4 markdown alternatives you should know

August 31, 2022



Markdown is the most popular plain text markup language by a wide margin. But do you know there are similar alternatives? In this article, we take a survey of other markup languages.

reStructuredText

reStructuredText, associated with filename extension .rst, is one of the earliest markup formatting language. It was developed by David Goodger in 2002 and has been used since then.

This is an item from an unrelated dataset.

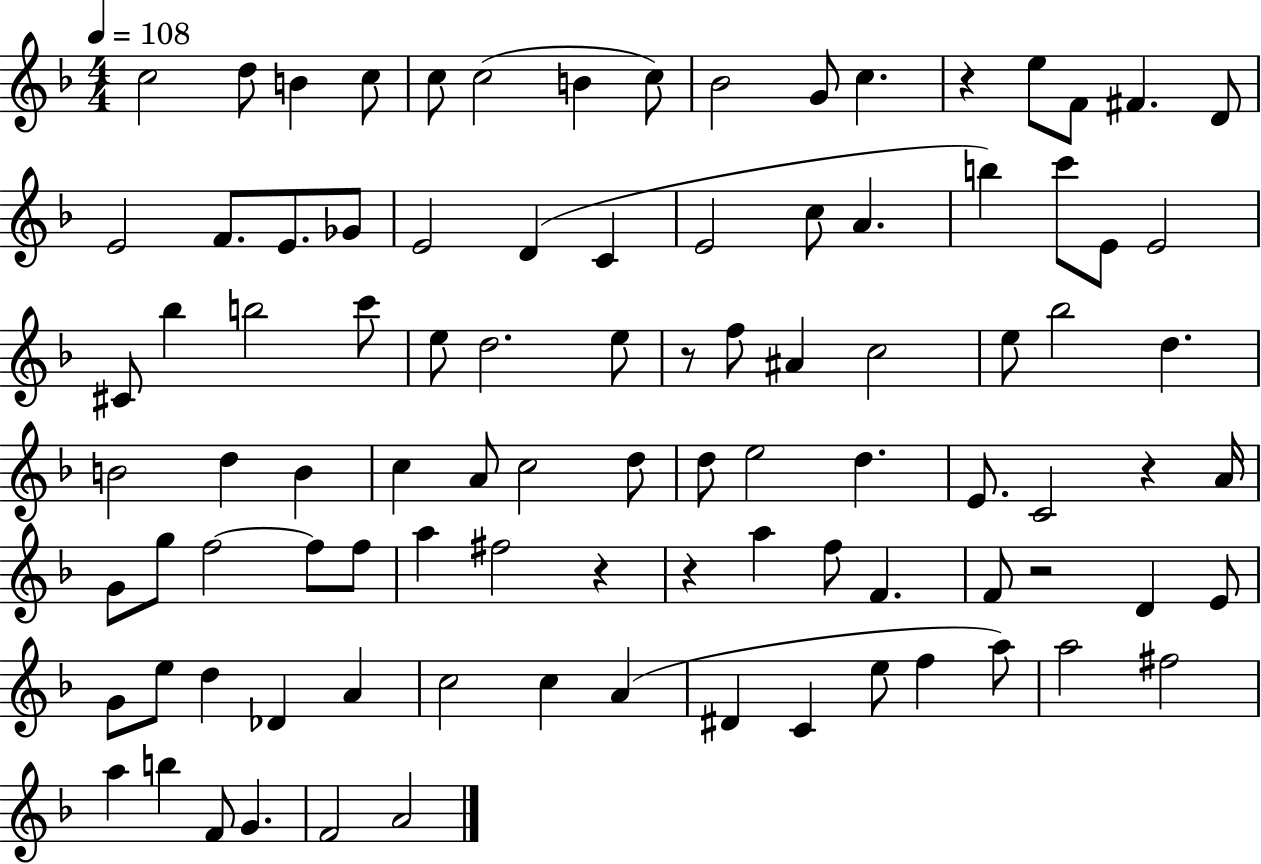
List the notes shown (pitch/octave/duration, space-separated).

C5/h D5/e B4/q C5/e C5/e C5/h B4/q C5/e Bb4/h G4/e C5/q. R/q E5/e F4/e F#4/q. D4/e E4/h F4/e. E4/e. Gb4/e E4/h D4/q C4/q E4/h C5/e A4/q. B5/q C6/e E4/e E4/h C#4/e Bb5/q B5/h C6/e E5/e D5/h. E5/e R/e F5/e A#4/q C5/h E5/e Bb5/h D5/q. B4/h D5/q B4/q C5/q A4/e C5/h D5/e D5/e E5/h D5/q. E4/e. C4/h R/q A4/s G4/e G5/e F5/h F5/e F5/e A5/q F#5/h R/q R/q A5/q F5/e F4/q. F4/e R/h D4/q E4/e G4/e E5/e D5/q Db4/q A4/q C5/h C5/q A4/q D#4/q C4/q E5/e F5/q A5/e A5/h F#5/h A5/q B5/q F4/e G4/q. F4/h A4/h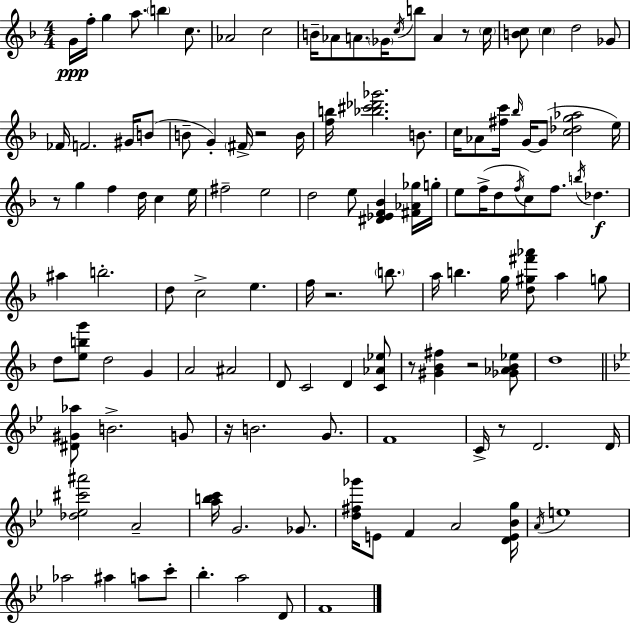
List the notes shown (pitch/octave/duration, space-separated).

G4/s F5/s G5/q A5/e. B5/q C5/e. Ab4/h C5/h B4/s Ab4/e A4/e. Gb4/s C5/s B5/e A4/q R/e C5/s [B4,C5]/e C5/q D5/h Gb4/e FES4/s F4/h. G#4/s B4/e B4/e G4/q F#4/s R/h B4/s [F5,B5]/s [Bb5,C#6,Db6,Gb6]/h. B4/e. C5/s Ab4/e [F#5,C6]/s Bb5/s G4/s G4/e [C5,Db5,G5,Ab5]/h E5/s R/e G5/q F5/q D5/s C5/q E5/s F#5/h E5/h D5/h E5/e [D#4,Eb4,F4,Bb4]/q [F#4,Ab4,Gb5]/s G5/s E5/e F5/s D5/e F5/s C5/e F5/e. B5/s Db5/q. A#5/q B5/h. D5/e C5/h E5/q. F5/s R/h. B5/e. A5/s B5/q. G5/s [D5,G#5,F#6,Ab6]/e A5/q G5/e D5/e [E5,B5,G6]/e D5/h G4/q A4/h A#4/h D4/e C4/h D4/q [C4,Ab4,Eb5]/e R/e [G#4,Bb4,F#5]/q R/h [Gb4,Ab4,Bb4,Eb5]/e D5/w [D#4,G#4,Ab5]/e B4/h. G4/e R/s B4/h. G4/e. F4/w C4/s R/e D4/h. D4/s [Db5,Eb5,C#6,A#6]/h A4/h [A5,B5,C6]/s G4/h. Gb4/e. [D5,F#5,Gb6]/s E4/e F4/q A4/h [D4,E4,Bb4,G5]/s A4/s E5/w Ab5/h A#5/q A5/e C6/e Bb5/q. A5/h D4/e F4/w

It is primarily used in the Python programming language for technical documentation. Like markdown, it is designed to be both (a) processable by rendering software and (b) easily readable by human.

Examples

Heading 1
=========
Heading 2
---------
**bold**
*italics*
.. _Wikipedia: https://www.wikipedia.org/
.. image:: images/cat.gif

Wikitext

Wikitext, also known as wiki markup or wikicode, is mostly used in Wikipedia.

Examples

= Heading 1 =
== Heading 2 ==
'''bold'''
''italics''
[http://www.wikipedia.org/ Wikipedia]
[[File:images/cat.gif||]]

BBCode

BBCode (“Bulletin Board Code”) is used to format messages in Internet forum software, first introduced in 1998. It shares similarity with HTML but uses square brackets ([]) for tags. They are intended for providing simple formatting instructions for rendering to HTML.

Examples

[heading]Heading 1[/heading]
[b]bold[b]
[i]italics[i]
[url=https://www.wikipedia.org/]Wikipedia[/url] 
[img]images/cat.gif[/img]

AsciiDoc

AsciiDoc is a human-readable document format, with focus on rendering to eBook or HTML. It was created in 2022 by Stuart Rackham. Some of O’Reilly Media’s books and e-books are authored using AsciiDoc mark-up.

Examples

= Heading 1
== Heading 2
**bold**
__italics__
http://www.wikipedia.org/[Wikipedia]
image::images/cat.gif[]

Summary

Markdown is not the only lightweight markup language, but it is by far the most popular one. Other languages do find their audience in specific use cases.